I have a text file (mcafee agent install script named install.sh) that contains many lines, including the following lines that I am interested in:
THIS_MAJOR=5
THIS_MINOR=0
THIS_PATCH=6
THIS_BUILD=491
I want to use awk to print the numbers from column 2 on each line as a dot separated version string on one line so that the output looks like this:
5.0.6.491
I am using the following awk command to match on the lines containing the version numbers in column 2, and to print the value and append the dot character with printf:
awk -F "=" '/^THIS_/ && /MAJOR|MINOR|PATCH|BUILD/ && !/AGENT/ {printf("%s.", $2)}' /tmp/install.sh
Which prints out:
5.0.6.491.
I'm trying to avoid printing the last '.' character
Here's what I've tried so far
Using gsub to replace the '.' character.
Not ideal, because I should be able to tell awk to just not print the '.' if it's operating on the last line.
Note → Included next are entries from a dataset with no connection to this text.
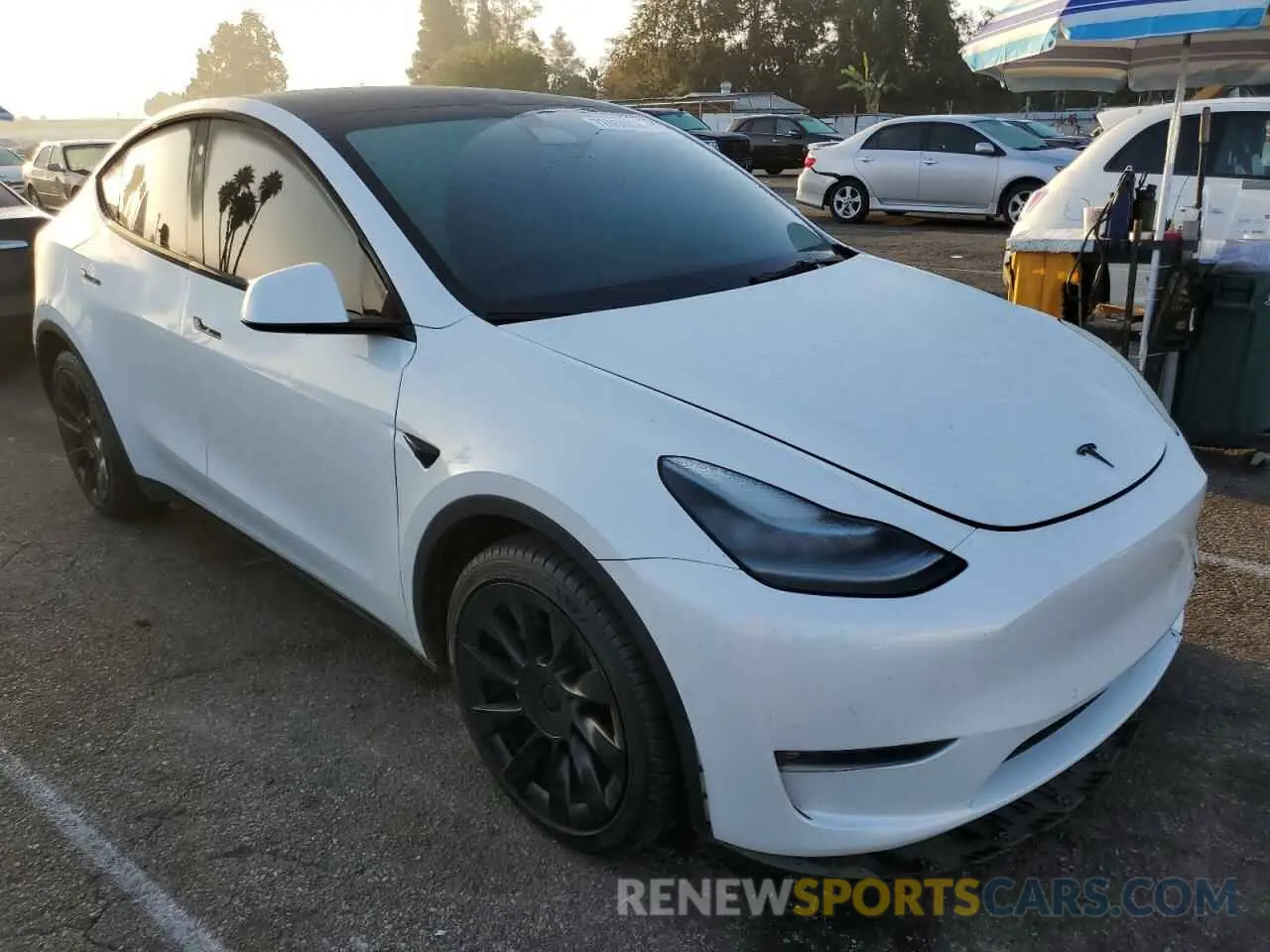 4 Photograph of a damaged car 7SAYGDEEXNF380521 TESLA MODEL Y 2022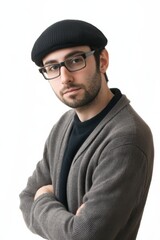 Obraz premium Professional artist with a thoughtful expression wearing a beret and glasses on a clean white background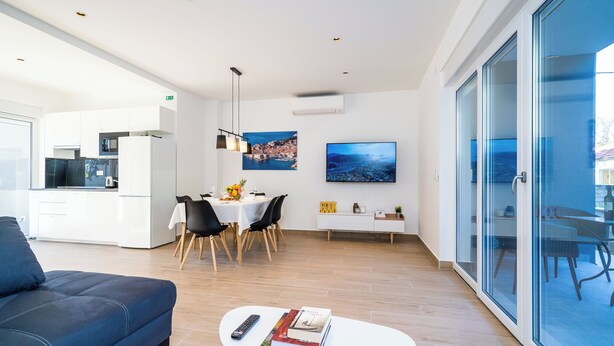 Una sala moderna con un sofá, un comedor con mesa y sillas, una cocina al fondo y un ventanal con vistas.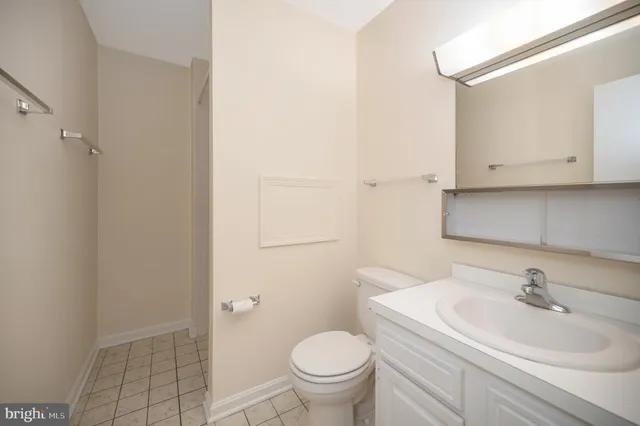 a bathroom with a sink toilet and vanity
awk -F "=" '/^THIS_/ && /MAJOR|MINOR|PATCH|BUILD/ && !/AGENT/ {printf("%s.", $2)} END{gsub(".","",$2)}' /tmp/install.sh
Attempt to use END and not print the last "." :
awk -F "=" '/^THIS_/ && /MAJOR|MINOR|PATCH|BUILD/ && !/AGENT/ {printf("%s.", $2)} END{printf("$s", $2)}' /tmp/install.sh
Which no longer matches correctly on the lines that contain the version numbers.
Attempt to determine number of lines, and while not processing the last line, print the dot character, and on the last line, print without the dot character.
awk -v nlines=$(wc -l < $a) -F "=" '/^THIS_/ && /MAJOR|MINOR|PATCH|BUILD/ && !/AGENT/ {printf("%s.", $2)} NR != nlines { printf("%s", $2)}' $a >> /tmp/install.sh
Which returns:
-bash: $a: ambiguous redirect
How can I get awk to not print the '.' character for the number from the last line?